Declamando le parole di Ovidio: «Alle parole seguono i fatti e si avverano le profezie ». Due le storie raccontate e proposte al pubblico: quella di Bacco e quella di Fetonte. Tra i due racconti e alla fine, la sagoma del corpo della voce narrante sparisce in un buio momentaneo, prima di riemergere nella luce per gli applausi finali. Una presenza scenica la sua e una voce che è riuscita ad incarnare e a caratterizzare ora la divinità, ora il personaggio maschile o quello femminile. Il giovane, l’anziano, le folle dei marinai. Leggere le grandi opere è una sfida difficile, ma non in questo caso. Il loro potere è anche quello di mettere insieme tutti i pezzi e lenire la sofferenze. Maddalena Crippa lo consiglia: «Quando mi sento ansiosa, unruhig come dico in tedesco, i classici mi fanno stare bene».

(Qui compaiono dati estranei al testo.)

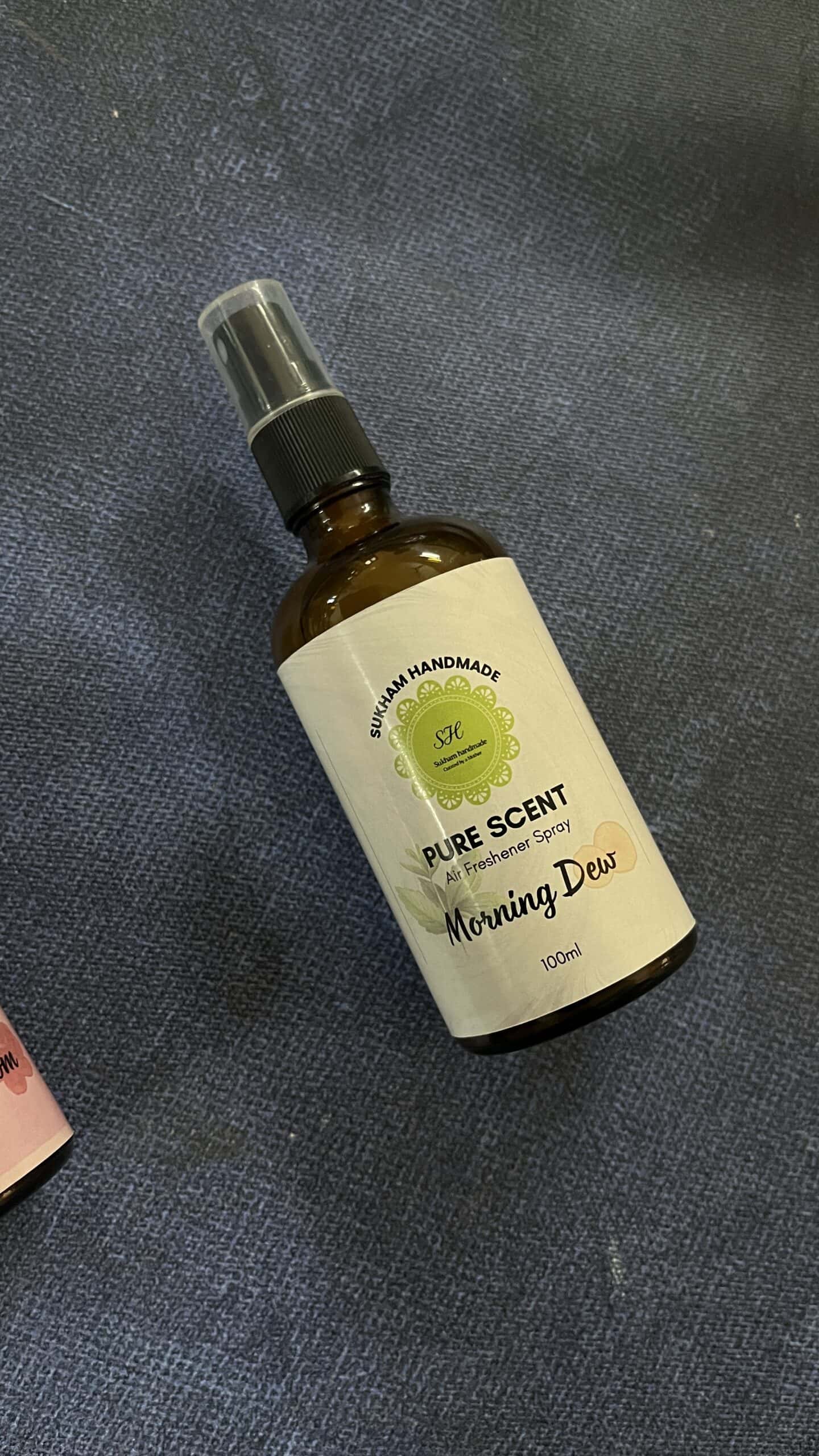 Pure scent - Air freshner Spray- Morning dew (Sandalwood + Peppermint)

In sala erano presenti alcune classi del Liceo Ginnasio Statale Virgilio di Roma, la cui sede si trova in quella stessa via, a pochi passi dal Teatro. Un esperimento riuscito perfettamente che realizza non un’alternanza programmatica scuola-lavoro, ma una sinergia scuola-teatro-vita.

Maddalena Crippa, durante la nostra intervista, dichiara appassionatamente tutta la sua stima verso quella docente che ha colto l’occasione con le sue classi, conducendo simbolicamente per mano quelle ragazze e quei ragazzi che emanavano un sincero rispetto verso quel luogo e quel momento sacro. La Crippa ha aggiunto: «Scoprire di colpo qualcosa che ti interessa o ti riguarda è un’esperienza che bisogna fare emozionalmente e razionalmente. Ma è necessario farla personalmente e fisicamente, tocca uscire e andare a teatro, nonostante la pioggia, il vento».

Nel suo reading tratto da Le Metamorfosi sono spesso presenti in sala scolaresche, liceali, nuove generazioni di futuri cittadini. Quali sono le responsabilità e le emozioni vissute nel fare da voce narrante e da tramite tra mondo classico e società digitale?

L’emozione è stata grande, da parte mia, soprattutto perché nella serata del 29 ottobre c’erano tanti studenti in sala. Tutto questo mi ha riempito di gioia per essere riuscita a catturarli con la lettura di Ovidio. Non è facile oggi, soprattutto con i giovani, ma è la forza del teatro. È il motivo per cui faccio questo lavoro, un po’ come una missione, perché credo nell’uomo, nella sua possibilità di stare nel mondo e anche di lavorare su sé stesso e crescere.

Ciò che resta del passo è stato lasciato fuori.